Am Ende überrascht mich tatsächlich nicht, dass die Saviors trotzdem alle (inklusive Gavin) draufgehen, sondern dass es nicht der zum Psycho mutierte Morgan ist, der Gavin seinen Stock durch die Kehle jagt. Mal ehrlich, wie eklig war das bitte, als Morgan dem Savior durch die kleine Bauchwunde mal eben die halben Eingeweide rausgerissen hat? Musste das wirklich sein?! Pfui!
Aber zurück zum Punkt: Als Gavin plötzlich im letzten Moment von Klein-Henry hinterrücks abgestochen wird, bin ich ehrlich überrascht.
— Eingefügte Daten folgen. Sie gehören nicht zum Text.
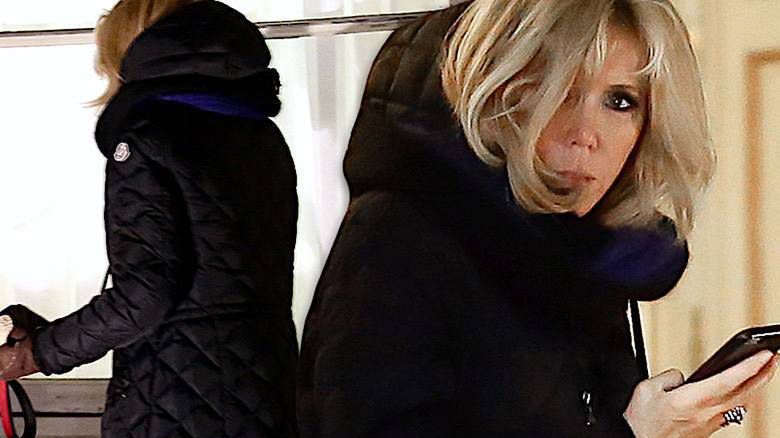 Brigitte Macron na spacerze z psem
Aber immerhin haben die Macher Morgan so gerade noch mal davor bewahrt, wieder (endgültig) zum eiskalten Meuchelmörder zu werden. Ob es für das Kind unbedingt die beste Plot-Entscheidung war – naja ...
Mein Fazit zur neunten "The Walking Dead"-Folge von Staffel 8
Wer "The Walking Dead" vor allem wegen krachender Gefechte und heftiger Beißer-Attacken mag, der wird von Episode 9 ziemlich enttäuscht. Zwar gibt es im Königreich ein paar kleinere Gefechte und einen ziemlich ekligen Showdown zwischen Morgan und einem Savior – ich werde nicht müde, darauf herumzureiten! – aber das Hauptaugenmerk der Handlung liegt in dieser Folge ganz eindeutig auf dem emotionalen Abschied von Carl Grimes.
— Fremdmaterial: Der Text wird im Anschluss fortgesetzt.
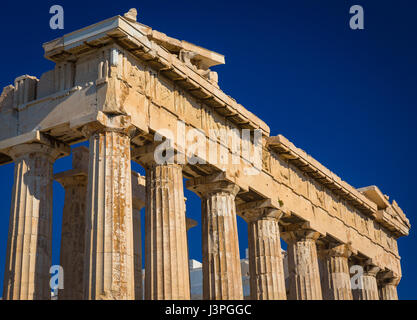 Der Parthenon ist ein ehemaliger Tempel auf der Athener Akropolis, Griechenland, gewidmet der Göttin Athene, denen die Menschen von Athen ihren Schutzpatron als Stockfoto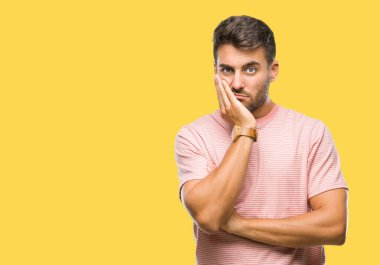 İzole arka plan düşünme seyir üzerinde genç yakışıklı adam yorgun ve sıkılmış çapraz silah depresyon sorunları ile.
Tatsächlich haben die Macher hier im Vorfeld nicht zu viel versprochen. Es ist deprimierend. Es ist emotional. Und als die von Chandler Riggs gespielte Figur am Ende endlich unter der Erde ist, erwische ich mich tatsächlich dabei, wie mir eine Träne aus dem Augenwinkel kullert. Ziel erreicht.
Gedanken, die mir nach Episode 9 noch im Kopf herumschwirren
- Ob Negan wohl wirklich jemals zum Gärtner mutieren wird?
- Bleibt Morgan weiter auf seinem Killer-Trip?
- Muss Morgan eigentlich unbedingt von einem Extrem ins andere fallen?!
- Was steht in den Briefen von Carl?